- [RECORDS]
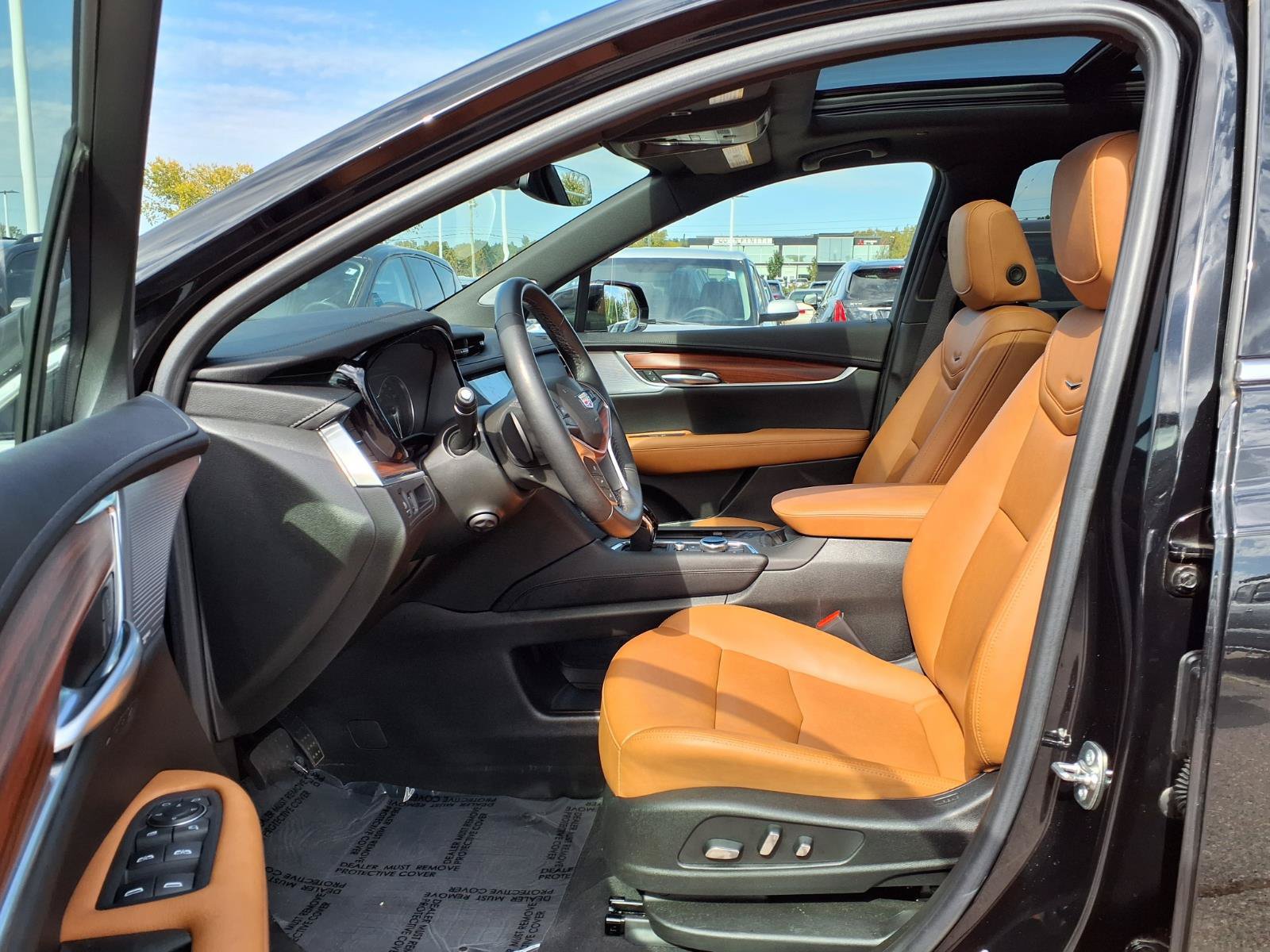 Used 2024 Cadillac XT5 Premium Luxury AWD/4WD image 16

---

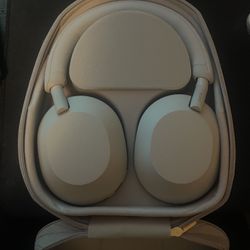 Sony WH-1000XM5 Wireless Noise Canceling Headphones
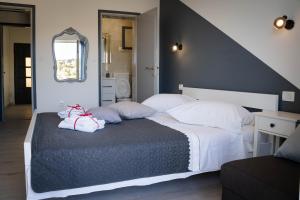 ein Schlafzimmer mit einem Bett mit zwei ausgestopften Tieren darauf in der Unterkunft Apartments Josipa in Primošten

---

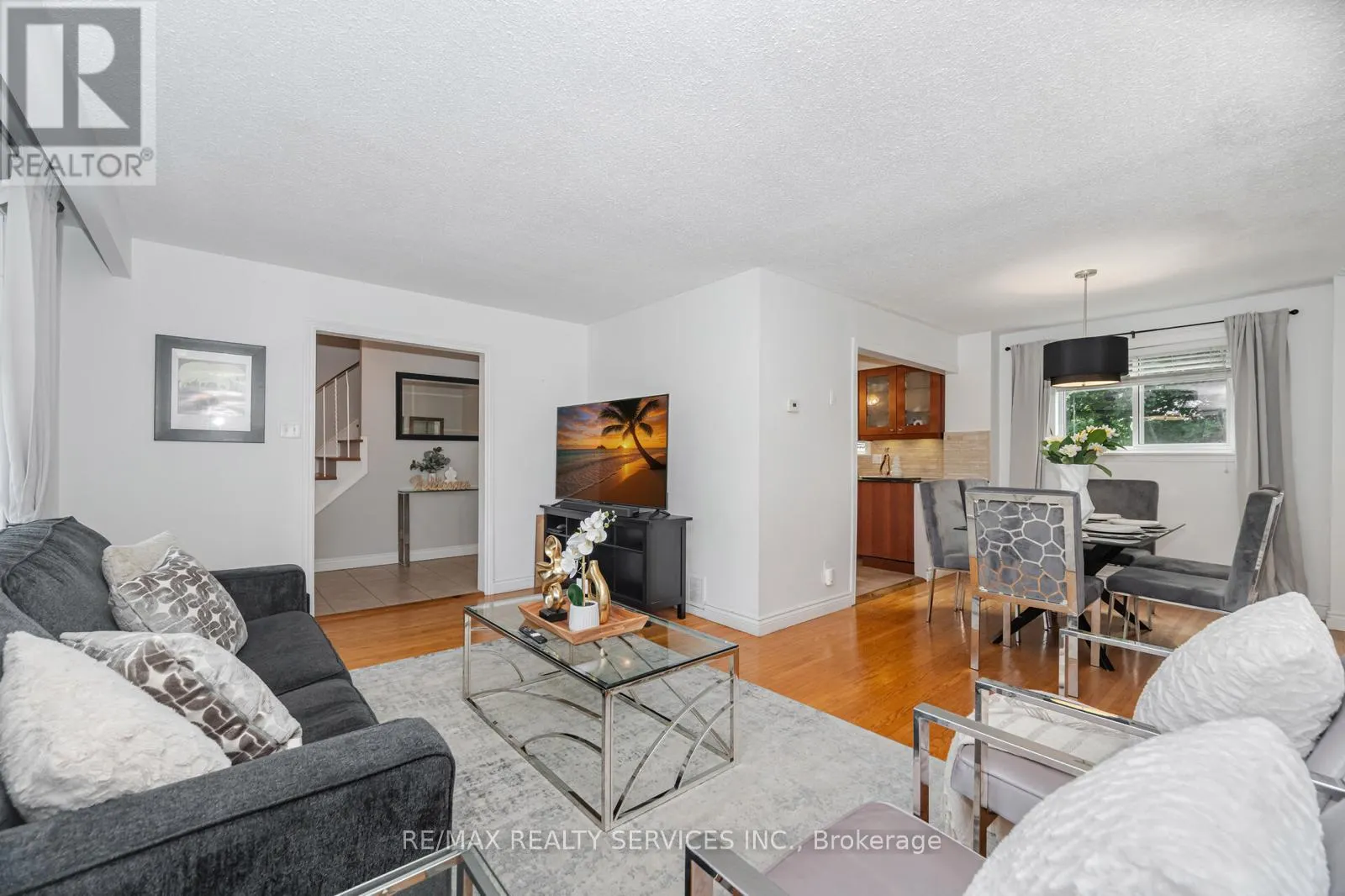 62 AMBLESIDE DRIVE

- [ASSIGNED TASK]
Starting with the line above that holds "Sony WH-1000XM5 Wireless", restate each line word for word up to and including the line that holds "ein Schlafzimmer mit". Drop the pictures.

- [OUTPUT FOR THIS EXERCISE]
 Sony WH-1000XM5 Wireless Noise Canceling Headphones
 ein Schlafzimmer mit einem Bett mit zwei ausgestopften Tieren darauf in der Unterkunft Apartments Josipa in Primošten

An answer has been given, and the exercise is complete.